Maybe 'van elkaar gaan' is regional, but I don't know it. Also *scheiden* is only possible after a marriage, it's uniquely 'to divorce'.


----------



## optimistique

Setwale_Charm said:


> Heel veel dank aan jullie beide. Hopelijk zullen jullie, de Nederlandst*a*lige, mijn tikfout een schone dag vergeten.


 
If you don't mind, it's: _aan jullie beide*n* ._Because it refers to persons + it is not an adjective here. For the same reason it's: _de Nederlandstalige*n*_ (which is here a noun)
Also "een schone dag" cannot really be used, maar we zullen het je zeker vergeven en ook vergeten


----------



## jippie

Ik ben niet zeker, maar de Vlamingen gebruiken wellicht wel _een *schone *dag? _ In het Nederlands van Nederland zou het _een *mooie *dag_ zijn.


----------



## jazyk

> Also *scheiden* is only possible after a marriage, it's uniquely 'to divorce'.


I know, that's why I asked for more context.


----------



## Touse

Hallo, 

Een kleine aanvulling. If the phrase *to officially declare* is used in conjunction with the word *war* - as in, _to officially declare war to_ - then the translation would be "(officieel) de oorlog verklaren aan".

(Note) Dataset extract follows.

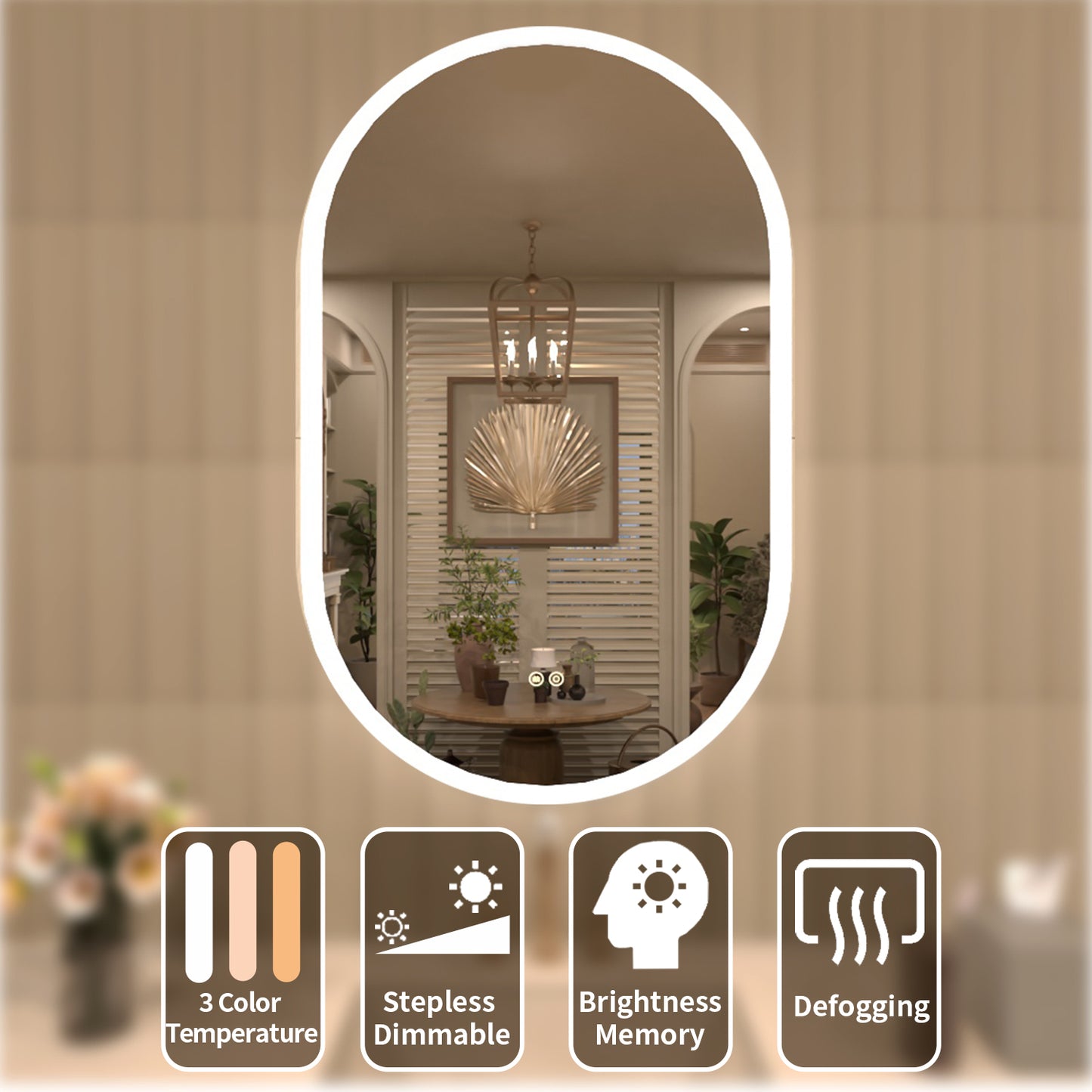 TaiMei Multiple sizes Oval Frameless LED Light Anti-Fog Wall Bathroom Vanity Mirror in Polished Crystal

Edit to add: On another note. It is possible to use the verb *scheiden* in conjunction with people when it is used as a _transitive_ verb. Bijvoorbeeld, in de betekenis "uit elkaar halen".To give a few examples: 

1.You can seperate people with blue eyes from those with green eyes. Je kan mensen met blauwe ogen scheiden van die met groene ogen. 
2.You can seperate a boy from his mother. Je kan een jongen van zijn moeder scheiden. The last example is a bit stilted but nevertheless "_passable_" Dutch. 

Touse


----------



## optimistique

jippie said:


> Ik ben niet zeker, maar de Vlamingen gebruiken wellicht wel _een *schone *dag? _In het Nederlands van Nederland zou het _een *mooie *dag_ zijn.


 
Maar dat is het probleem niet. Volgens mij kun je iemand ook geen 'mooie dag' vergeten. Het zou dan minstens "*op *een mooie dag" moeten zijn, maar dat zeg je niet in het Nederlands (ik denk zelfs niet in België, maar dat weet ik verder niet zeker). Je zegt gewoon "ooit" (someday).


----------